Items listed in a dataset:
═══

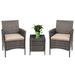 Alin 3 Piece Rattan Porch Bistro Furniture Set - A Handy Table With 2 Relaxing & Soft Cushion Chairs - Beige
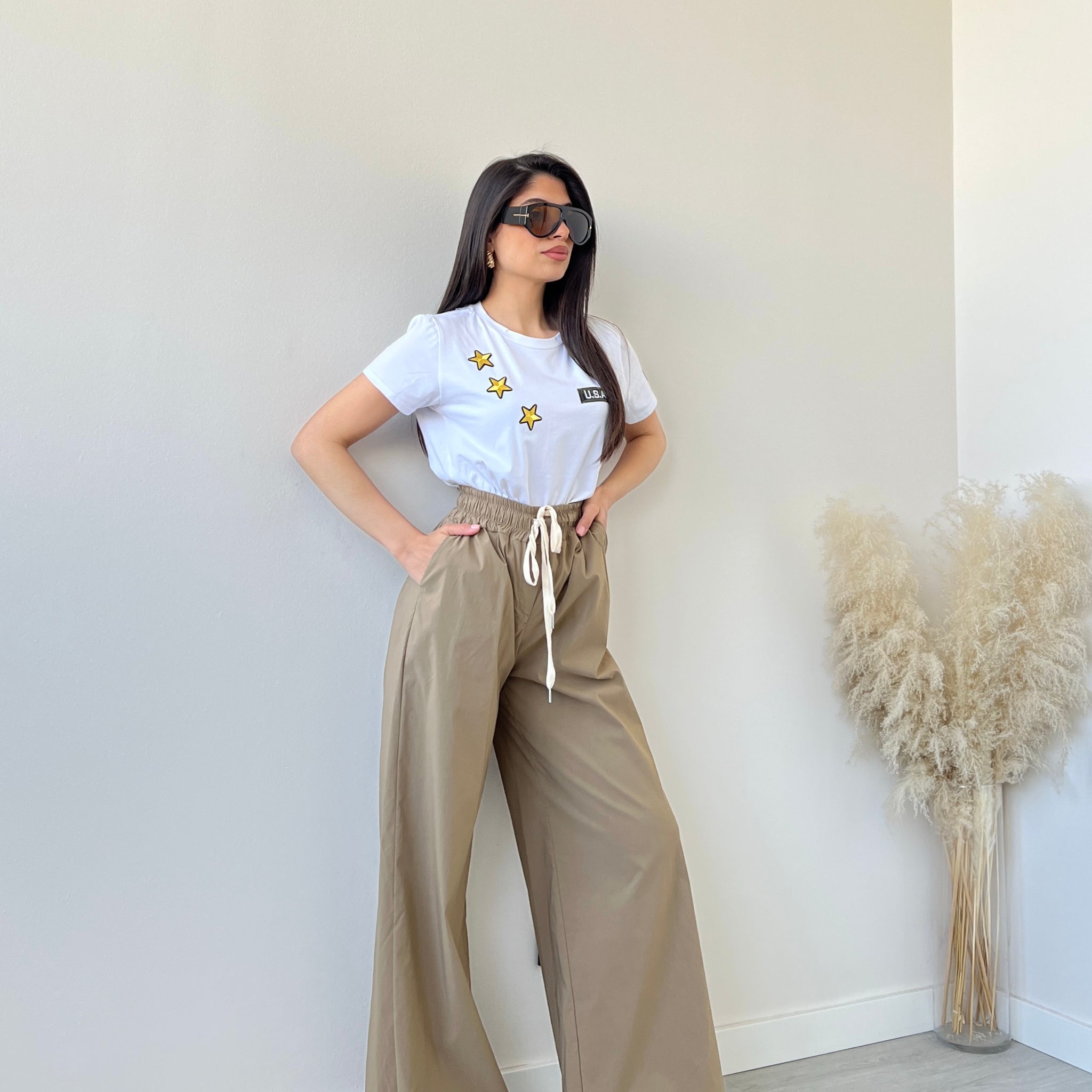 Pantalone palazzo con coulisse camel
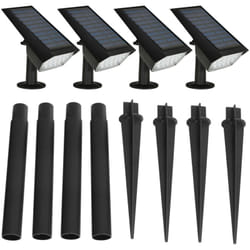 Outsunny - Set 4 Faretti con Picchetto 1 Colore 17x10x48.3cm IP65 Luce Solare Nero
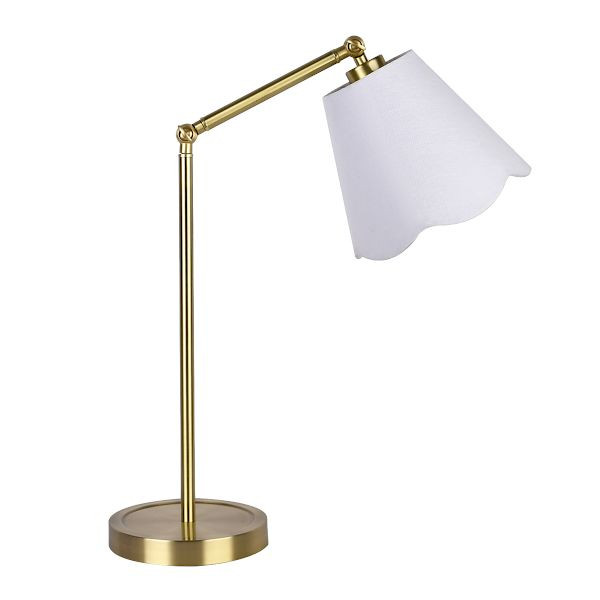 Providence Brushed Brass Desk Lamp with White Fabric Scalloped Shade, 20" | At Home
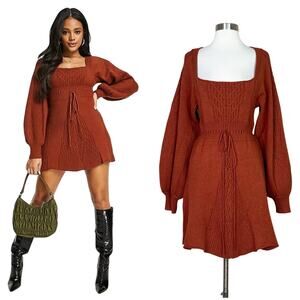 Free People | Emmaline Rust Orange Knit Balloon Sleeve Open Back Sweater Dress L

═══

Problem details: This calls for each record above to be set down exactly, with the images skipped.

Result:
 Alin 3 Piece Rattan Porch Bistro Furniture Set - A Handy Table With 2 Relaxing & Soft Cushion Chairs - Beige
 Pantalone palazzo con coulisse camel
 Outsunny - Set 4 Faretti con Picchetto 1 Colore 17x10x48.3cm IP65 Luce Solare Nero
 Providence Brushed Brass Desk Lamp with White Fabric Scalloped Shade, 20" | At Home
 Free People | Emmaline Rust Orange Knit Balloon Sleeve Open Back Sweater Dress L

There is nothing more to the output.